__Problem__. Restate word for word the lines of the records below, starting at the line that contains "Young Man is looking" and ending at the line that contains "a kitchen with blue", with both of those lines included and nothing else.

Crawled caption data
▶
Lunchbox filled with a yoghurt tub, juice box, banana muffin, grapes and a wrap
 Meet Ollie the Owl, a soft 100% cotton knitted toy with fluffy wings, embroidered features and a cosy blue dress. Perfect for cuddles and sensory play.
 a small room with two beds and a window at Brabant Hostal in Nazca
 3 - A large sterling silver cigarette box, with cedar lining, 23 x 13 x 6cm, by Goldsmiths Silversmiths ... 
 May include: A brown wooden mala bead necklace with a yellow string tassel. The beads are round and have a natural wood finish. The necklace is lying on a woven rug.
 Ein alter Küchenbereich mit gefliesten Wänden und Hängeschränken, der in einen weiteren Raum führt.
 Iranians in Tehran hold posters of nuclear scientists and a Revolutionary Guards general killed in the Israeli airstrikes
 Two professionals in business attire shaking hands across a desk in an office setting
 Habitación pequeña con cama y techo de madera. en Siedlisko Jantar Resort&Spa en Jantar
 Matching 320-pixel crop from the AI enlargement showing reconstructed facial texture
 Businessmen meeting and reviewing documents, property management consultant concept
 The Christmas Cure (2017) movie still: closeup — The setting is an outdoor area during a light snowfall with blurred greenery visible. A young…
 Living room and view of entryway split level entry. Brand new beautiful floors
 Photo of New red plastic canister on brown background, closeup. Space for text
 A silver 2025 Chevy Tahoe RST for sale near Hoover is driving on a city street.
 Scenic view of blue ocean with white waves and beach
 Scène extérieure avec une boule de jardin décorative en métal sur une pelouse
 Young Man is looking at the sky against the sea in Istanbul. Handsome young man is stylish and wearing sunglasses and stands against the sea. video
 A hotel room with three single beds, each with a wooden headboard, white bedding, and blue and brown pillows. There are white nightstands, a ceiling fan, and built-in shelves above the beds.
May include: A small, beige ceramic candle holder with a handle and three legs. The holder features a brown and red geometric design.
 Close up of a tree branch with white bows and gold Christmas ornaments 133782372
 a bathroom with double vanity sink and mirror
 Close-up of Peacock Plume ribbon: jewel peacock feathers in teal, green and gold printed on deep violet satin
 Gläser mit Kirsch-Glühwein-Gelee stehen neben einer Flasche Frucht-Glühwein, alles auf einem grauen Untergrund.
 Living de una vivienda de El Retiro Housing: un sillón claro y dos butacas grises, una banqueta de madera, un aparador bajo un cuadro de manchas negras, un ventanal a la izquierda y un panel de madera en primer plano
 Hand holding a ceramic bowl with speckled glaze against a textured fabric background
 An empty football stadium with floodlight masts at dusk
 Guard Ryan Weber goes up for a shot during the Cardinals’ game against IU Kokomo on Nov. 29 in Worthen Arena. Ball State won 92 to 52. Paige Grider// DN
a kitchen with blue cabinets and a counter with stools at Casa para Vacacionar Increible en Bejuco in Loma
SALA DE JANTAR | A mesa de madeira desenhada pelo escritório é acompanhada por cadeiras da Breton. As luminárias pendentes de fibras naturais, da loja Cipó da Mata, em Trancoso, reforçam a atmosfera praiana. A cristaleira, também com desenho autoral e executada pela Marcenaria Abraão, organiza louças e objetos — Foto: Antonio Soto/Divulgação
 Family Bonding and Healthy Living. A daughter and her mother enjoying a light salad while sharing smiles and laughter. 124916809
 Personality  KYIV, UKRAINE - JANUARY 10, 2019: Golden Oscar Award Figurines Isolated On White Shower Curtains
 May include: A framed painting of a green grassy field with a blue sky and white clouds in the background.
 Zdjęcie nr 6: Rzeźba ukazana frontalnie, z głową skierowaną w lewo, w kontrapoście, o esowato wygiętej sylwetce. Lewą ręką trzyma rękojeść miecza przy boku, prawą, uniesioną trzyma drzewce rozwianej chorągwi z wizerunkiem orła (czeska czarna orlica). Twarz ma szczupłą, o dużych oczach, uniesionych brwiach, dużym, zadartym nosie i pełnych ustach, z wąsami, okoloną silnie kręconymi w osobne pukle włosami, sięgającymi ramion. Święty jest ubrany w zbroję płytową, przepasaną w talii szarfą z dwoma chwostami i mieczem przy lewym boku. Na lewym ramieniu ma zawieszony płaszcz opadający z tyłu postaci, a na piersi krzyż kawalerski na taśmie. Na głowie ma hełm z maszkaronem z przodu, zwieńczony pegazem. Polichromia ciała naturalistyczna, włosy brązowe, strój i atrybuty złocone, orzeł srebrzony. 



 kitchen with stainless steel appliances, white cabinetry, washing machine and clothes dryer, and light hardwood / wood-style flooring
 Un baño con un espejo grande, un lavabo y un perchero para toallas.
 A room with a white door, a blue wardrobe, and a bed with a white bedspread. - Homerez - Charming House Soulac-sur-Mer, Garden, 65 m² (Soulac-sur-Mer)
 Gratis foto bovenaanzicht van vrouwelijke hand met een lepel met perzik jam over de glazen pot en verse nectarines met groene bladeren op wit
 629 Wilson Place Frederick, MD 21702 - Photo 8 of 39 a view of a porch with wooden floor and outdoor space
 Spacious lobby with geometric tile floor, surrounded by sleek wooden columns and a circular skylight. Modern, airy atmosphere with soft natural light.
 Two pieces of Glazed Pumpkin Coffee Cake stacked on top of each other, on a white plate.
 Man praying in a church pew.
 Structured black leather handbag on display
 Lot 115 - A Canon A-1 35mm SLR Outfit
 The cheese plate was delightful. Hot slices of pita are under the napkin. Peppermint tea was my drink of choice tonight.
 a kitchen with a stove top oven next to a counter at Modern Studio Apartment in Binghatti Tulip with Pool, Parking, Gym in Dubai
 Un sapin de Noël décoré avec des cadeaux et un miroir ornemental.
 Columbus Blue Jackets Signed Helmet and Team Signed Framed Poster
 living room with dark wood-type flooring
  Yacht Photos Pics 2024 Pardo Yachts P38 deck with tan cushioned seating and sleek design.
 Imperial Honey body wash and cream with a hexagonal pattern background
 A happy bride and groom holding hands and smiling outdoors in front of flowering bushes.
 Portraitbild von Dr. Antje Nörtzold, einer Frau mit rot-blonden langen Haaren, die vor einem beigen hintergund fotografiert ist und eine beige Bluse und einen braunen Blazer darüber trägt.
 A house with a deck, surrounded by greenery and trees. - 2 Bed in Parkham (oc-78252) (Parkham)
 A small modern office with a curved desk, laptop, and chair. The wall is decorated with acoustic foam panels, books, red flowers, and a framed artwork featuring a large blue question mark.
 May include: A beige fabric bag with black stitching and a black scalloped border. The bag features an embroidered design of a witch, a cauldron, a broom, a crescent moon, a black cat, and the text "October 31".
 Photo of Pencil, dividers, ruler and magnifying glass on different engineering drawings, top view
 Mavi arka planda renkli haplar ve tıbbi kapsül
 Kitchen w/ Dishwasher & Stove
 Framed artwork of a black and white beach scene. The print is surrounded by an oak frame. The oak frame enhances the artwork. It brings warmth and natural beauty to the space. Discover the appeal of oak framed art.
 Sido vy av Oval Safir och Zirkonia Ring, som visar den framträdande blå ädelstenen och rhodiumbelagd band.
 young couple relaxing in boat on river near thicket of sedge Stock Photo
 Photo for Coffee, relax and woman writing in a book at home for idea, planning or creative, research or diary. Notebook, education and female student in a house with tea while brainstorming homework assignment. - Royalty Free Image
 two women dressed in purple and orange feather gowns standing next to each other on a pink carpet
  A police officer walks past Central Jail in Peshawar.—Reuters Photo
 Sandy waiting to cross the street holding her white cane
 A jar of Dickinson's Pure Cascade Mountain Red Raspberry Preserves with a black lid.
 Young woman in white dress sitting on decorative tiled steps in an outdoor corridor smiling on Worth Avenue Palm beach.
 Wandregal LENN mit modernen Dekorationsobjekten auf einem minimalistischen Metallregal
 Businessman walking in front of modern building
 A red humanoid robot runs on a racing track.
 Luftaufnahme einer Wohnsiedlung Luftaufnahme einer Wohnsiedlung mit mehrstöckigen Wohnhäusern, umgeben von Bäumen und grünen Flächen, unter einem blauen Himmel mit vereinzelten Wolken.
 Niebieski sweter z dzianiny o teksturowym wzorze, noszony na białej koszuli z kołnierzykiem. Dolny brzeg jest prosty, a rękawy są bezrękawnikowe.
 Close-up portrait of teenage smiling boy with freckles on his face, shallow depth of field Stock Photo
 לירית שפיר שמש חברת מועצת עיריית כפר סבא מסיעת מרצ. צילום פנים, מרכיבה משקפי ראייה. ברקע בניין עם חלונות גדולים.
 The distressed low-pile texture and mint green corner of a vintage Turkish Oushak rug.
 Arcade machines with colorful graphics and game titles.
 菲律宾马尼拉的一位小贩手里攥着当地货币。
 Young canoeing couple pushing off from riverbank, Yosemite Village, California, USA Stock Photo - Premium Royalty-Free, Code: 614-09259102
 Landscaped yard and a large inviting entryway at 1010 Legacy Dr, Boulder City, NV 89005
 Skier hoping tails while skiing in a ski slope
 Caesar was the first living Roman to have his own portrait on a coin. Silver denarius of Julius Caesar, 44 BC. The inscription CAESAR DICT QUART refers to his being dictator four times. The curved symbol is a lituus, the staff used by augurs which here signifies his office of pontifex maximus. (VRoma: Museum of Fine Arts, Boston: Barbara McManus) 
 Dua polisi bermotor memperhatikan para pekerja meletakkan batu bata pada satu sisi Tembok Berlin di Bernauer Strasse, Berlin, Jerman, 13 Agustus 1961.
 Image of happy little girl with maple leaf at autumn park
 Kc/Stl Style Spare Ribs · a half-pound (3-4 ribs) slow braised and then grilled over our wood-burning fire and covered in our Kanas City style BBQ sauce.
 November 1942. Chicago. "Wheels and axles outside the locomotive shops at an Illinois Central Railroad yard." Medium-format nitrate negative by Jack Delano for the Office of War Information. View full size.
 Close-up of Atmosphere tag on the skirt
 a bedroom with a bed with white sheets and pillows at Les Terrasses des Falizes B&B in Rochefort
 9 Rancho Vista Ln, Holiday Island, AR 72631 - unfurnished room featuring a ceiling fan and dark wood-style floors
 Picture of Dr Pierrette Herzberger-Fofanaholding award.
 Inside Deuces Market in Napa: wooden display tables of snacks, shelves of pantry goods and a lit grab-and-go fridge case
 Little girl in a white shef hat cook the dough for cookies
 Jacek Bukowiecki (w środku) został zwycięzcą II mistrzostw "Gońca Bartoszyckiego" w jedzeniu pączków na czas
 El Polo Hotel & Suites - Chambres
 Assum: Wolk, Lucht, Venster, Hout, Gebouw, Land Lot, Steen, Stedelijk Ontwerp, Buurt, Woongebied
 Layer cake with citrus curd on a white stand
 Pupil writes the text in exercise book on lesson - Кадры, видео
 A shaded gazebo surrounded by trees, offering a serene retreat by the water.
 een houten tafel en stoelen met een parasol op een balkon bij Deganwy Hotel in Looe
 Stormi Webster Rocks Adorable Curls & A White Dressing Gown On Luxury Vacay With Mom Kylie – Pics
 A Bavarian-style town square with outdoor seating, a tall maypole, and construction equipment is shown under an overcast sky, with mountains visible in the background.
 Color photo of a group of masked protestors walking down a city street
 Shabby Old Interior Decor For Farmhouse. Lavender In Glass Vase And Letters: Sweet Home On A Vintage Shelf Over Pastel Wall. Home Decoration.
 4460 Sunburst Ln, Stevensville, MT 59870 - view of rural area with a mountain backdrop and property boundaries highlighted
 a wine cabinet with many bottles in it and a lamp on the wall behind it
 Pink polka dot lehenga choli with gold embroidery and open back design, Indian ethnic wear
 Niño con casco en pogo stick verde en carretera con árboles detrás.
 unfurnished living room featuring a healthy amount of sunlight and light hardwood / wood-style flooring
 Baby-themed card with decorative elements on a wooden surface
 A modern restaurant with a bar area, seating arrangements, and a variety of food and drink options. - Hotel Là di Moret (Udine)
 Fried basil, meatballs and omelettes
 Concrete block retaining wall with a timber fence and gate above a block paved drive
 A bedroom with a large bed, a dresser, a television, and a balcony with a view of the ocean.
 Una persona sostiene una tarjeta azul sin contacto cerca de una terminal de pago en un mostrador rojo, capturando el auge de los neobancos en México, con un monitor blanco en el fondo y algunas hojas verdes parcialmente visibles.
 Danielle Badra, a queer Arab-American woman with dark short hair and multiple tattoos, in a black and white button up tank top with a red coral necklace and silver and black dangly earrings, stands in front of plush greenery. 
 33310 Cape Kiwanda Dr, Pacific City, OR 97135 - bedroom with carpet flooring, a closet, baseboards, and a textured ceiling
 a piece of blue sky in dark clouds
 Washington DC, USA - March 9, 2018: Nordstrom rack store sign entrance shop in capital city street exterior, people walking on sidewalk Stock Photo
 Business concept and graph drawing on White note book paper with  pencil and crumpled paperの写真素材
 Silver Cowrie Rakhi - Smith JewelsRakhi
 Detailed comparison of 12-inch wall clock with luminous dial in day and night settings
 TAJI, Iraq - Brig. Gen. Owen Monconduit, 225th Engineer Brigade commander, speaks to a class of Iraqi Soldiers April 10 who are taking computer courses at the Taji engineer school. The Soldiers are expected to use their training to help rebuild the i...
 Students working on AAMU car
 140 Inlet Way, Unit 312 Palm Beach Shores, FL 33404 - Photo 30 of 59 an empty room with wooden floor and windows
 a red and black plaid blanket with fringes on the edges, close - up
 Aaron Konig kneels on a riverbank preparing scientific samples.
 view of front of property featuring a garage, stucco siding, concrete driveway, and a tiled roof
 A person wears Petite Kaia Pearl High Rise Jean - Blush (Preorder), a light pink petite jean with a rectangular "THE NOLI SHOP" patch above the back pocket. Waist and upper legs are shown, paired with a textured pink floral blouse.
◀
__Response for this exercise__.
 Young Man is looking at the sky against the sea in Istanbul. Handsome young man is stylish and wearing sunglasses and stands against the sea. video
 A hotel room with three single beds, each with a wooden headboard, white bedding, and blue and brown pillows. There are white nightstands, a ceiling fan, and built-in shelves above the beds.
May include: A small, beige ceramic candle holder with a handle and three legs. The holder features a brown and red geometric design.
 Close up of a tree branch with white bows and gold Christmas ornaments 133782372
 a bathroom with double vanity sink and mirror
 Close-up of Peacock Plume ribbon: jewel peacock feathers in teal, green and gold printed on deep violet satin
 Gläser mit Kirsch-Glühwein-Gelee stehen neben einer Flasche Frucht-Glühwein, alles auf einem grauen Untergrund.
 Living de una vivienda de El Retiro Housing: un sillón claro y dos butacas grises, una banqueta de madera, un aparador bajo un cuadro de manchas negras, un ventanal a la izquierda y un panel de madera en primer plano
 Hand holding a ceramic bowl with speckled glaze against a textured fabric background
 An empty football stadium with floodlight masts at dusk
 Guard Ryan Weber goes up for a shot during the Cardinals’ game against IU Kokomo on Nov. 29 in Worthen Arena. Ball State won 92 to 52. Paige Grider// DN
a kitchen with blue cabinets and a counter with stools at Casa para Vacacionar Increible en Bejuco in Loma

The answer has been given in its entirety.